Buying a gong is not the way to do it. This is not a collectors edition commemorative coin. This is being advertised by PSP as a medal awarded by the government (hence the latest ad with the pic).

Now...if HRM (or said Canadian rep lol) would pen a quick note of appreciation to Niner..that might get some traction from her. It's not me that PSP has to convince this is a good thing...it's the spouses. And mine isn't interested in the least.

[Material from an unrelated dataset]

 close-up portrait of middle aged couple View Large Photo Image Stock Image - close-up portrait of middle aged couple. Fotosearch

Not only in bad taste, but ineffectual as well (which is way worse).


----------



## George Wallace (29 Sep 2016)

I have had several certificates presented to Niner and she is less than impressed.


----------



## Wookilar (29 Sep 2016)

She as well. That's why I implied an actual letter, written by someone of some import, that hopefully knew a bit about what the hell they are talking about, would be better.

Something genuine.

This....this is not.


----------



## Lumber (29 Sep 2016)

Who the heck is this "niner"  everyone keeps referring to?!  ???


----------



## mariomike (29 Sep 2016)

Lumber said:
			
		

> Who the heck is this "niner"  everyone keeps referring to?!  ???



Spouse?


----------



## jollyjacktar (29 Sep 2016)

Lumber said:
			
		

> Who the heck is this "niner"  everyone keeps referring to?!  ???

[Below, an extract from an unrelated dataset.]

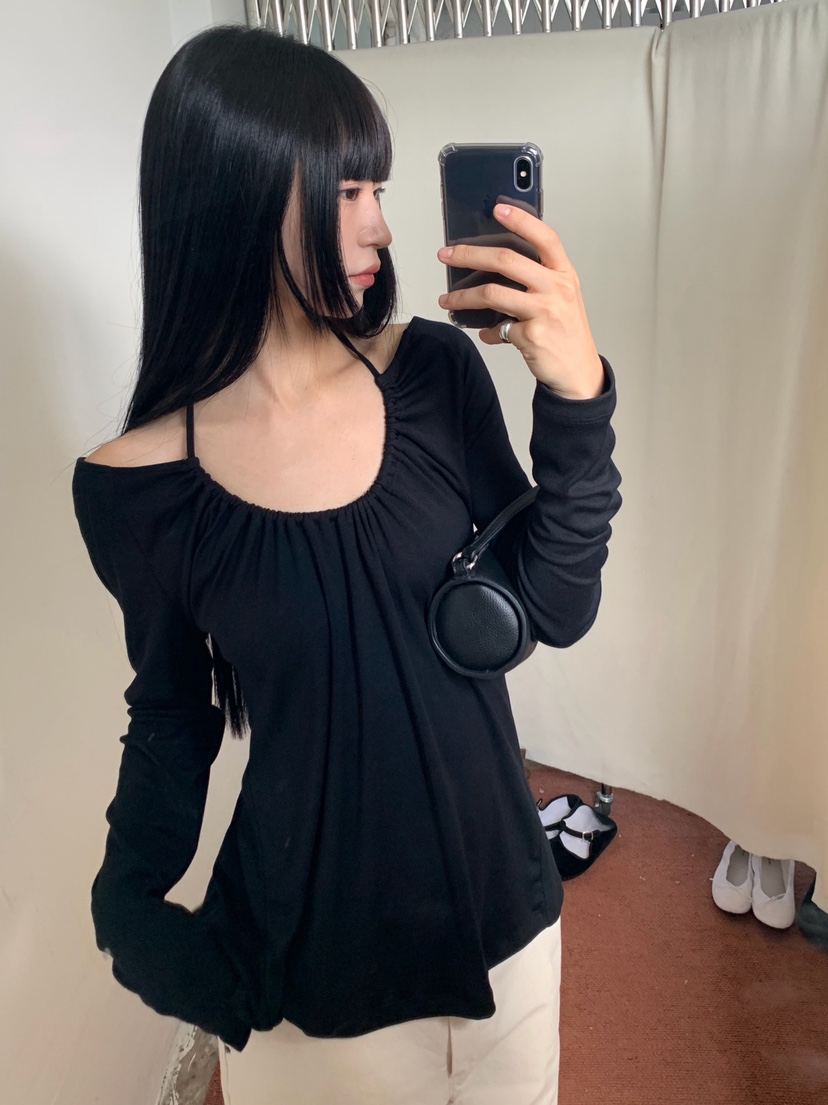 LOGARDEN韓國代購女裝新款推薦人氣熱賣休閑時尚真品長袖T恤LO GARDEN長袖T恤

In army radio speak, niner is the CO.  Ergo, for home, she who must be obeyed...


----------



## Lumber (29 Sep 2016)

jollyjacktar said:
			
		

> In army radio speak, niner is the CO.  Ergo, for home, she who must be obeyed...





			
				mariomike said:
			
		

> Spouse?



Ahhhh right.

In the Navy we refer to this person as Canadian Home Fleet, or CANHOMEFLT for short.


----------



## Oldgateboatdriver (29 Sep 2016)

Spouse is correct.

In the Navy we call her/him Admiral of the Home Fleet. Lumber beat me to it.

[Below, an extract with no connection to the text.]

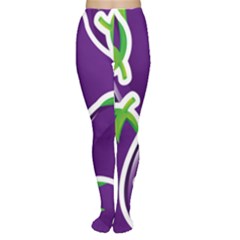 Vegetable Eggplant Purple Green Women s Tights by Mariart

But you could also accidentally pick up a Tail-end Charlie .... That's happened to me once.  [


----------



## cavalryman (29 Sep 2016)

Oldgateboatdriver said:
			
		

> Spouse is correct.
> 
> In the Navy we call her/him Admiral of the Home Fleet. Lumber beat me to it.
> 
> But you could also accidentally pick up a Tail-end Charlie .... That's happened to me once.  [


And in the Navy, a Tail-end Charlie would be?


----------



## jollyjacktar (29 Sep 2016)

Oldgateboatdriver said:
			
		

> Spouse is correct.
> 
> In the Navy we call her/him Admiral of the Home Fleet. Lumber beat me to it.
> 
> But you could also accidentally pick up a Tail-end Charlie .... That's happened to me once.  [





			
				Lumber said:
			
		

> Ahhhh right.
> 
> In the Navy we refer to this person as Canadian Home Fleet, or CANHOMEFLT for short.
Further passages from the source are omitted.